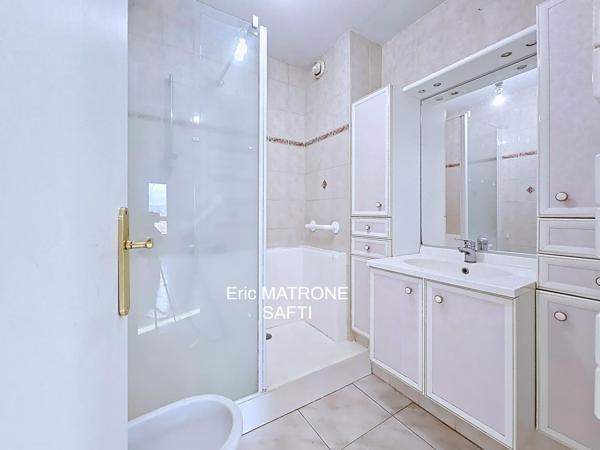 Appartement 4 pièces 81 m² avec parking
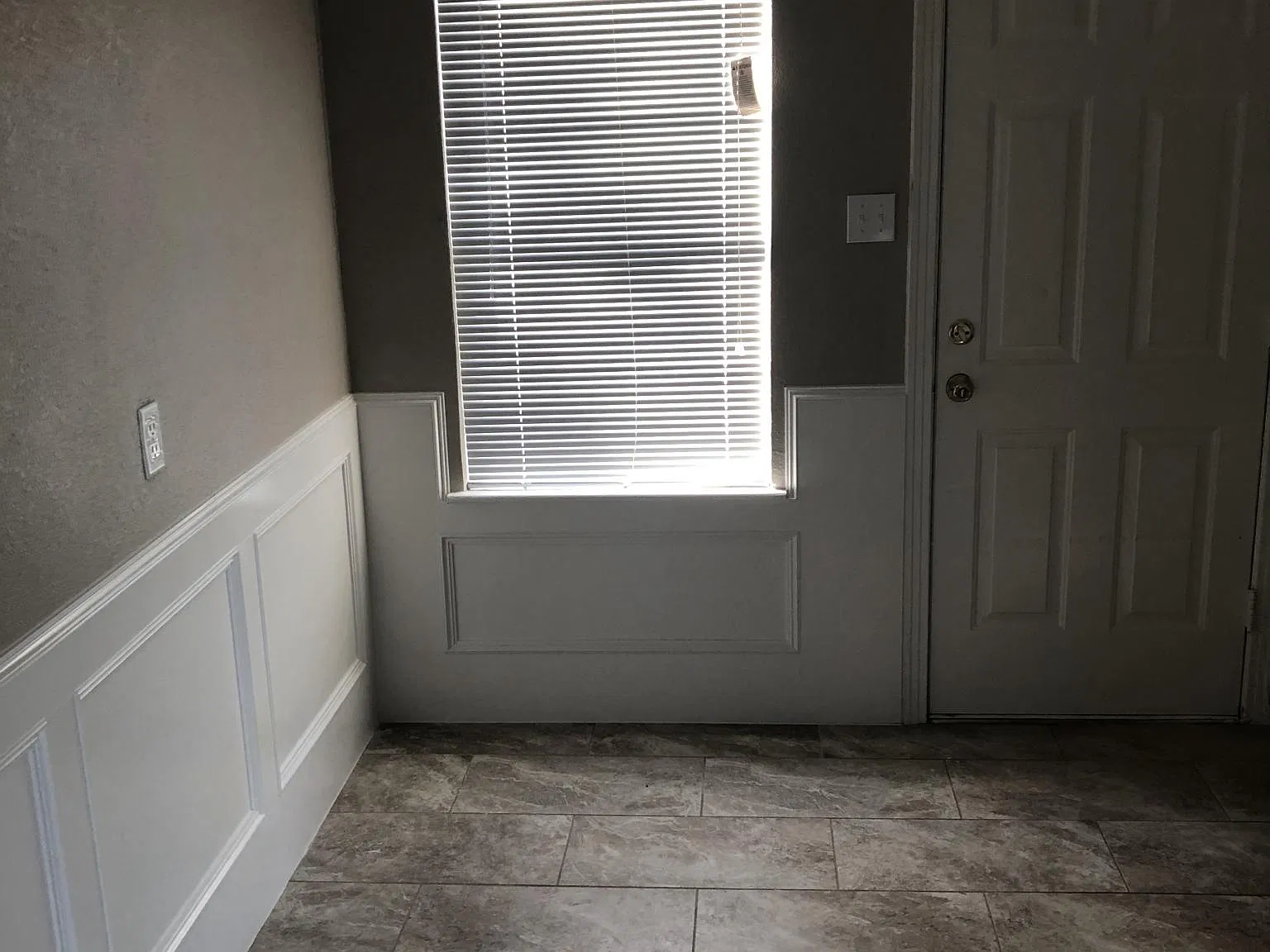 2 bed, 1050 sqft, $1,200 — Photo 2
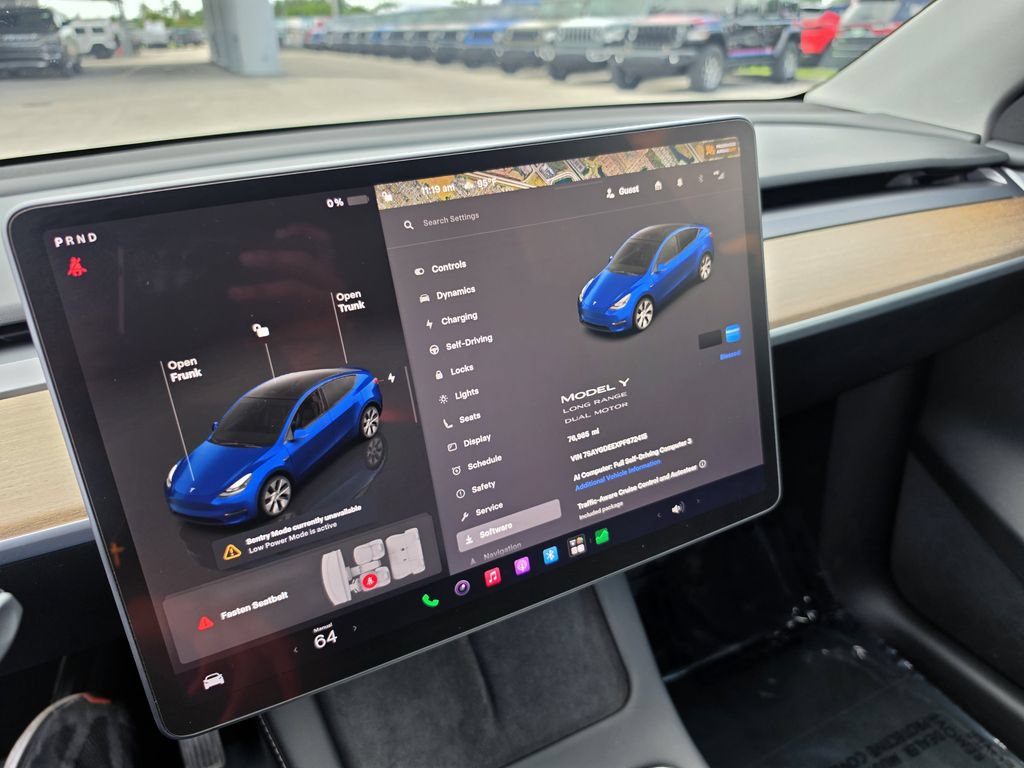 Used 2023 Tesla Model Y Long Range AWD/4WD image 28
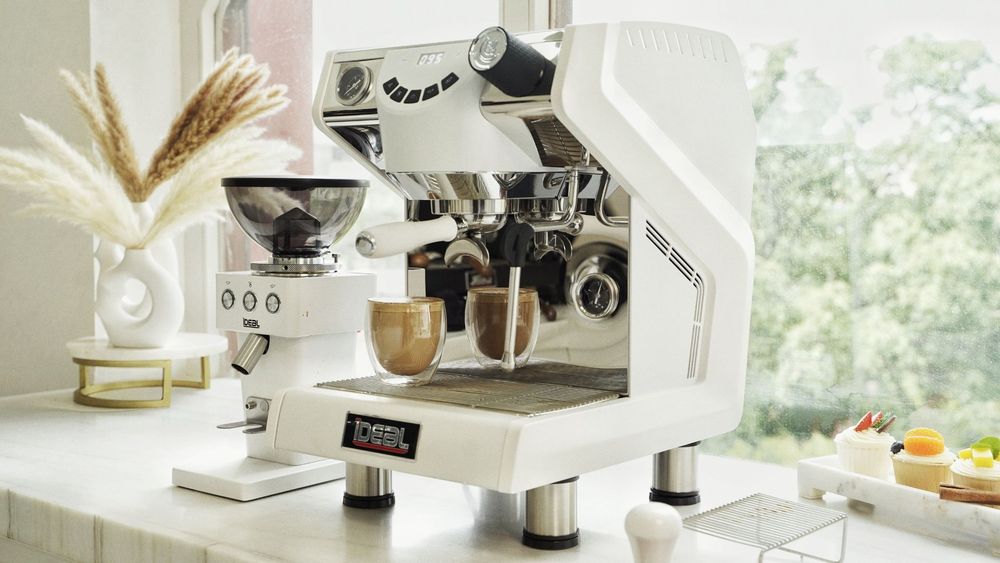 A Simple Guide to Picking the Perfect Coffee Machine for Your Café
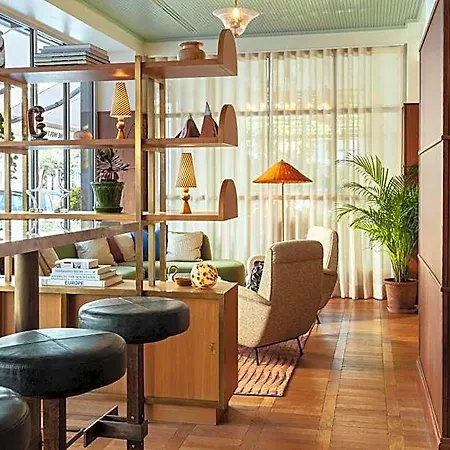 The Hoxton, Hotel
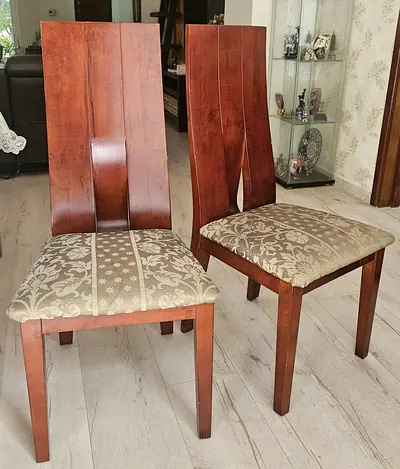 Dining table for Sale - Mirdif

- - -

**WORK TO BE COMPLETED**
The reply should repeat the listing above exactly and contain no pictures.

**WRITTEN ANSWER**
 Appartement 4 pièces 81 m² avec parking
 2 bed, 1050 sqft, $1,200 — Photo 2
 Used 2023 Tesla Model Y Long Range AWD/4WD image 28
 A Simple Guide to Picking the Perfect Coffee Machine for Your Café
 The Hoxton, Hotel
 Dining table for Sale - Mirdif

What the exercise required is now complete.